4 Steps to Improve your ACT Score on September 14th

1) The Reading Test: Train Yourself to Read Faster

The test is about six weeks away on September 14th, and there’s a good chance you’ve yet to get to your summer reading.

As the ACT is a speed exam, you could practice picking up your pace as you read. For example, time yourself to see how long it currently takes you to read a page in the book you’re reading. Now see if you can read the next page faster without retaining less. The trick is to develop the skill of reading faster and retaining as much and hopefully more.

2) The English Test: Cut the Extra Words

As for the English portion of the exam, we’d suggest you start practicing on retired ACT tests that you can acquire online. Click here for the ACT’s free study guide, which includes a full length practice test.

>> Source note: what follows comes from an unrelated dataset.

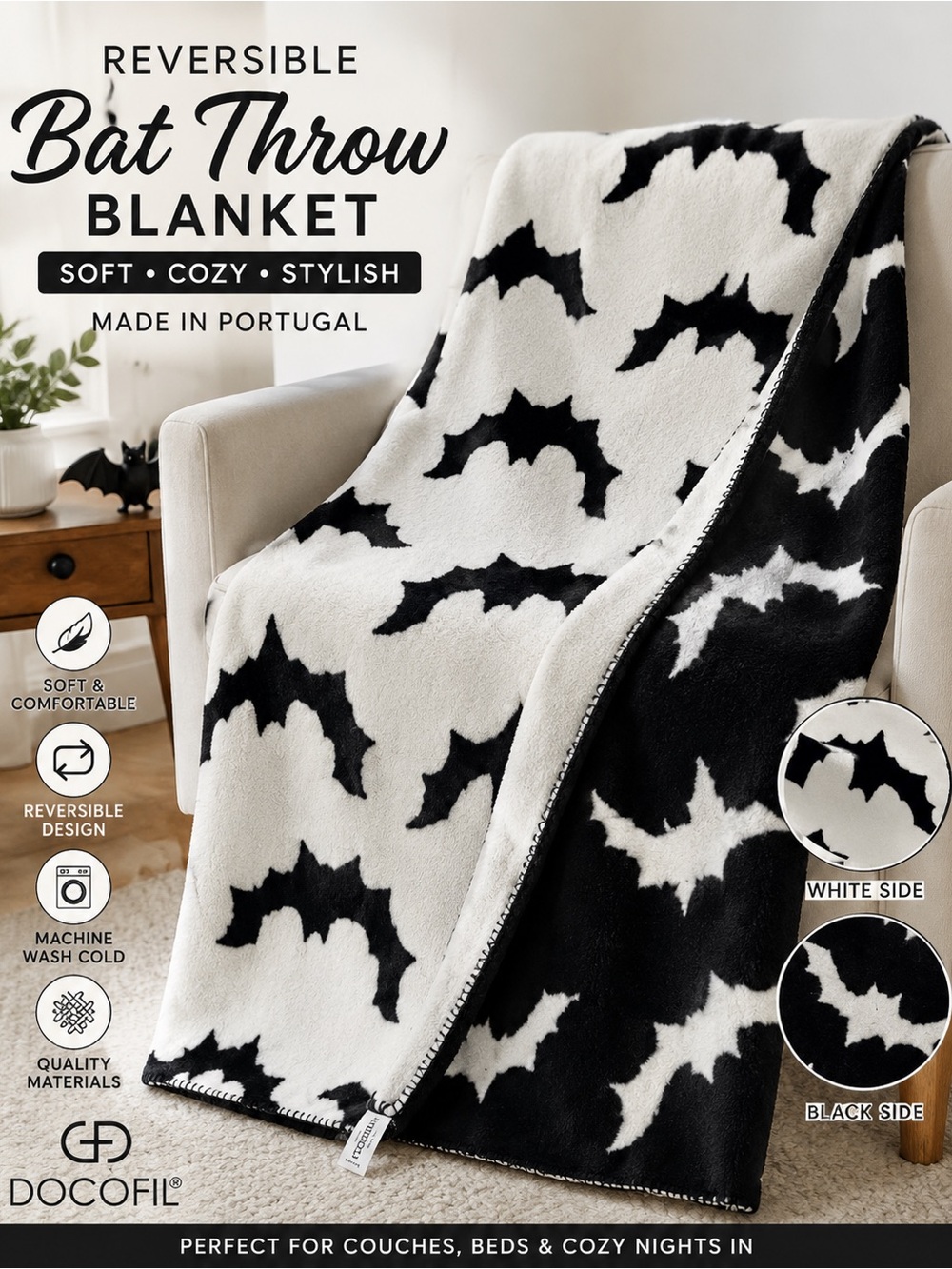 Reversible Black & White Bat Throw Blanket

A small tip: the test makes the assumption that most high school essays are too long. Look to take words out. Look to find the most direct sentence. Look to spot and delete the off topic sentences.

3) The Science Test: Know the Format

Spend some time reviewing the format of the test and the differences between the three section types. You should teach yourself to tell the difference between

  1. data representation passages (no headers),
  2. research summaries passages (study/experiment/activity headers and figures/tables), and
  3. conflicting scientists passages (looks like a reading passage, often with two to four scientists offering a one to two paragraph opinion).

Once you have the format of the test, develop a strategy for each passage type — we recommend reading the introduction ONLY in research summaries passages, and doing no prior reading in data representation passages. Finally, practice. Take note of where answers come from when you practice. Label the source for your information in the passage when you practice.

4) The Math Test: Know When to Skip

Learn your timing. You have sixty questions to complete in sixty minutes here, and they’ll get harder as you go. This is key strategically — it often doesn’t make sense to skip questions at the beginning of the test just to make sure you finish the test. In fact, most students might benefit by not finishing! But if your goal is to finish, you should be aiming, for example, to have 40 questions done in 30 minutes. The reason is simple — the last 20 are going to be much harder!

If you must skip a question in the first half of the test, make sure to return to it. Most students can complete these questions with a second try. However, if you’re stuck on a question near the back, there’s a decent chance it’s actually quite difficult and not worth spending too much time on. Keep going, because there are still likely to be a couple of questions in the 50-60 range that you can get done.

Lastly, don’t forget to learn your calculator. If you have a TI-84 like most students, this means making sure you have a quadratic formula program, understanding how to use the conics app, understanding how to use the solver, becoming a graphing expert, a table expert, knowing how to switch between radian and degree mode, and knowing how to edit the window and use the trace functions of the grapher.